Lifestyle

Woodstock native ready for debut of feature film 'Chasing Nightmares'

WOODSTOCK – In less than two years, Woodstock native Chris McGowan went from a screenwriting contest winner to full-fledged Hollywood director; he recently wrapped his first official full-length feature, “Chasing Nightmares.”

With hopes of a spring release, “Chasing Nightmares” boasts a cast of actors that includes Anne Heche, Graham McTavish and Michelle Randolph. Filming wrapped in December in Los Angeles, and McGowan already is looking to his next projects, not losing any momentum in his dream career.

The Northwest Herald sat down with the up-and-coming writer and director to discuss life on the set, lessons learned and what’s coming next.

Weber: You went through several ups and downs when it came to casting: hard passes, acceptances that ended up turning into passes, no response at all, etc. How long did it take for you to lock down your cast?

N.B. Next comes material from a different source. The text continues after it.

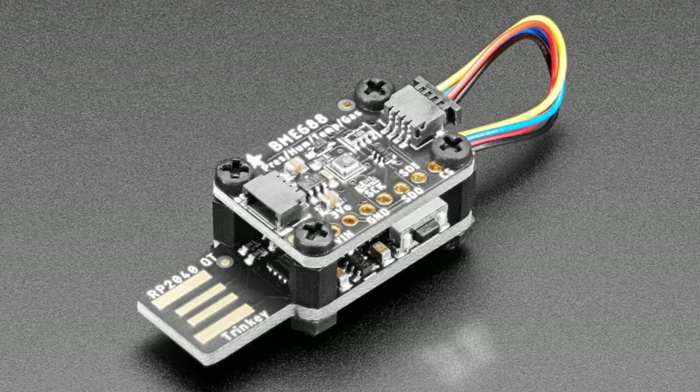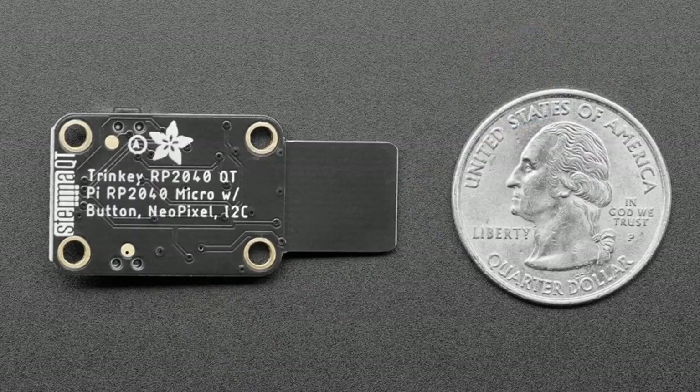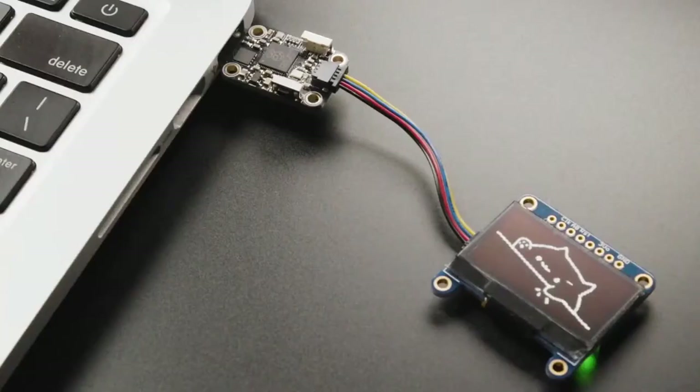The body is one inch by 0.7 inches — the same footprint as most of our STEMMA QT sensors. That means you can attach a STEMMA QT board on top using M2.5 machine screws — nylon screws recommended so you don't short anything out — and still reach the buttons. This lets you make a customized USB-to-I2C connector. With CircuitPython running on the RP2040, you can stay connected to an I2C OLED or other device while programming it over USB.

McGowan: This was a very arduous process. The producers and I were very conscious of not only making a quality movie, but making it profitable. As you can imagine, [big] names can provide a more stable outcome. So we were particular with who we sent offers to. This took approximately 12 months to find the right combination.

Weber: Your original producer, Richard Clark Jr., ended up taking you for a ride. You hear about deals gone bad in Hollywood, but this one may be a movie in itself. What’s the status of Clark Jr., and how was working with his replacement, David Brown?

McGowan: The previous producer, Richard Clark Jr., scammed me. I took him to small claims court and won. He currently has a public judgment against him that, unfortunately, will never result in getting my money back. But I look at it this way: If it wasn’t for that learning experience, I wouldn’t be where I am now.

David Brown has been a blessing. He’s the reason this movie got made. Prior to him, I was learning as I went. I vividly remember my first conversation with him. That call ended with a huge smile across my face because I knew I finally found a partner that not only believed in me but had the knowledge and resources to make my dream a reality. 

Weber: What has been the hardest part of this process, as well as the most rewarding?

McGowan: The hardest part was learning the ins and outs of the business. I wasn’t just the writer or just the director; I was the writer, director and producer. Not only that, but I was a nobody. Chris who? I couldn’t get anyone’s attention. This business isn’t for the faint of heart.

With wearing several different hats throughout development, I feel like I made five films in the process. There were hundreds of moments where I felt like giving up. I got knocked down so many times. I was told several times that this “will never get made,” that the script was “the worst script ever written.” I was scammed by my producer. You name it, I went through it. But I kept telling myself if I never give up, there’s no question of “if,” but rather “when.” So I just kept pushing, and here we are.

Weber: Did the film become the vision you had hoped for?

McGowan: Very much so! With an independent film, as compared to a studio film, the filmmakers have lots of flexibility. This means that I didn’t have to get approval from 15 different executives to create my vision. 

Weber: How many rewrites did the script go through since getting picked up?

McGowan: Just when I thought the script was locked, another rewrite was in order. If there is one lesson I can provide writers, it is to never stop rewriting. It can always be better. If I had to put a number on it, though, I would say 37 rewrites. Oh, not only that, but during production, we went through several dialogue tweaks on the spot, so make that 47.

Weber: How did Randolph do capturing your lead character, Laura?

McGowan: This was a big question mark going into production. Could Randolph deliver? She’s the lead, and if she wasn’t strong enough, then what? 

Fortunately, Randolph is a superstar. She is a true professional. She has the leading-actor look and brings unparalleled talent. She blew me away. Before long, she will be one of Hollywood’s most sought-after talents.

Weber: Any funny stories from the set?

McGowan: Of course! Our first day on location, the production trailer broke down, blocking the entire parking lot. Not a great way to start the shoot. Luckily, we had a workaround and everything worked out.

Another day, we were shooting an exterior scene with Jay Huguley, who co-stars as John, and during one take, we all heard a horrific scream from the interior of the home.

Everyone paused with bated breath until someone said, “Don’t worry, that’s just Aubrey Cleland providing voiceover.” She plays Whitney in the film.

Then, on our last day on set, Spencer Daniels – who plays Matthew – was providing some hysterical improv for a scene, and I couldn’t stop laughing out loud from it. Oops! 

Weber: Are you planning a local premiere?

McGowan: We shall see. It really depends on our domestic distributor. The good news is that it will see the light of day. 

Weber: What’s next for you?

McGowan: I currently have one project in pre-production and three in development, one of which is “Chasing Nightmares 2.” “Chasing Nightmares” provided me the opportunity to creak the door a bit; the next step is to knock it wide open.